Gliessman says he fears that moving NIFA to a more rural state gives big producers more opportunity to influence the direction of research while their lobbyists remain in DC to work over the politicians. Between the two, he worries that advocates for more sustainable, diversified and safer food production will be drowned out.
“I see this resulting as a return to a focus on production and profit rather than a deep understanding of the ecological and social impacts of that mode,” he said. “We’ve seen more than enough of the unsustainable nature of the industrial food model. We really should be moving toward an ecological model.”
A wealth of research and data at stake
The fact is, ERS data and NIFA research have shown why the nation should be moving toward an ecological model of agriculture and a more nutritious food system. ERS has shown that conservation compliance programs, which tie more sustainable agricultural practices to eligibility for federal price supports and relief, work to reduce erosion. It has shown that programs that pay farmers a rental fee to take millions of acres a year out of production work to reduce erosion, pollution, restore wildlife and diversify rural economies through recreation.
Analysts at the Union of Concerned Scientists built upon ERS research to show that measures to reduce fertilizer pollution in the Corn Belt could save taxpayers, farmers and businesses $850 million a year, instead of costing the nation $157 billion in lost tourism, fishing, health care costs and water treatment. UCS has also found that sophisticated three-crop and four-crop rotations that preserve soil can lead to higher yields than two-crop rotations.
Among its other contributions, ERS developed the definition for US food deserts and a national atlas of low food access areas, giving the federal government and states specific geographic areas to target with programs, data that helped inform Obama-era healthy food initiatives and First Lady Michelle Obama’s Let’s Move program. An ERS report last year found that the percentage of low-income census tracts with large grocery stores or supercenters nearly doubled, mirroring the growth for moderate- and high-income census tracts. Another ERS report showed how the Supplemental Nutritional Assistance Program helps low-income individuals and families alleviate food insecurity while pointing out a myriad of social and educational challenges to securing the best nutrition.
Those successes are a reminder that you cannot have progress unless you have data as a reference point. “People should understand that it takes decades to assemble the data on issues like this,” Offutt says. “You just don’t go out and instantly collect data on grocery stores or how food is cooked and processed. Home waste is different than waste in restaurants. Food choices change. There’s no single university or institute that can put together the intellectual firepower necessary to get the entire picture as can the federal government.”
As Smith Evans put it, “ERS never says USDA must do this or that. We say: ‘Let’s lay out the facts, and the facts will inform without prescribing. That’s so hard for other institutions to do. It would seem we need that more than ever.”

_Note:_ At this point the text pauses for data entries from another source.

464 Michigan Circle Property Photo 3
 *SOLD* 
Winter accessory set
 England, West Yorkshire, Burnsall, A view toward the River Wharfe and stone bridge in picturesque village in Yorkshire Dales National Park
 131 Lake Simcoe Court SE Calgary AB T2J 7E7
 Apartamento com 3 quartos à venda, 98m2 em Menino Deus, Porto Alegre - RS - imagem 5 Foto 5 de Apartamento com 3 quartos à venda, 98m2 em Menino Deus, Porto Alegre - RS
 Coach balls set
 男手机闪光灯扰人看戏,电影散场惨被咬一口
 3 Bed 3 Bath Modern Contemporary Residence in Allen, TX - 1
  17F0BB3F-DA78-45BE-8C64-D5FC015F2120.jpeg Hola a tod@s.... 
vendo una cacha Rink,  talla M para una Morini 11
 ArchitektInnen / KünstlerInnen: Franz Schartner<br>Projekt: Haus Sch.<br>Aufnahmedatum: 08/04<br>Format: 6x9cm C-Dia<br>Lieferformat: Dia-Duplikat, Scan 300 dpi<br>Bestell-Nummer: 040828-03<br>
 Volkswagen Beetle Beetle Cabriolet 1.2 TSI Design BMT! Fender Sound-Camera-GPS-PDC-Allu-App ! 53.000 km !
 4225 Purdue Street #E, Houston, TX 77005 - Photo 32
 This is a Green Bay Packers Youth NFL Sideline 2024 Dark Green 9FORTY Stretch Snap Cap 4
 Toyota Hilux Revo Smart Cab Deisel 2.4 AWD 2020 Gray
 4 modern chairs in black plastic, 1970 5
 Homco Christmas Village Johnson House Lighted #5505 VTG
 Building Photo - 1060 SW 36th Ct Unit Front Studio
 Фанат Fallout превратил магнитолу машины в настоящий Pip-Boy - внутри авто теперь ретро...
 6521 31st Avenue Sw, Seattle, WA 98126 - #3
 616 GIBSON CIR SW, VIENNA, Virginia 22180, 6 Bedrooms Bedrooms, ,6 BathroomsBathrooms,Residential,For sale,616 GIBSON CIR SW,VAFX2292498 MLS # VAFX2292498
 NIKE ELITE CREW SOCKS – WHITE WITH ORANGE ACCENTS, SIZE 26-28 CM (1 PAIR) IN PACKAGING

Offutt added, “My philosophy at ERS and government research in general is that you want to look over the horizon and ask questions two, five, six, 10 years down the road. That’s an important function for a public agency. With this proposed move, I’m really concerned that longer-term view will be lost. If your biggest public agency isn’t doing this work, who will?”
Put another way, if your biggest public agency isn’t doing this long-term work, who is there to protect your food, your health and the environment? If Perdue is allowed to move ERS and NIFA out of the mainstream of federal data gathering, the answer from the USDA will likely be: no one.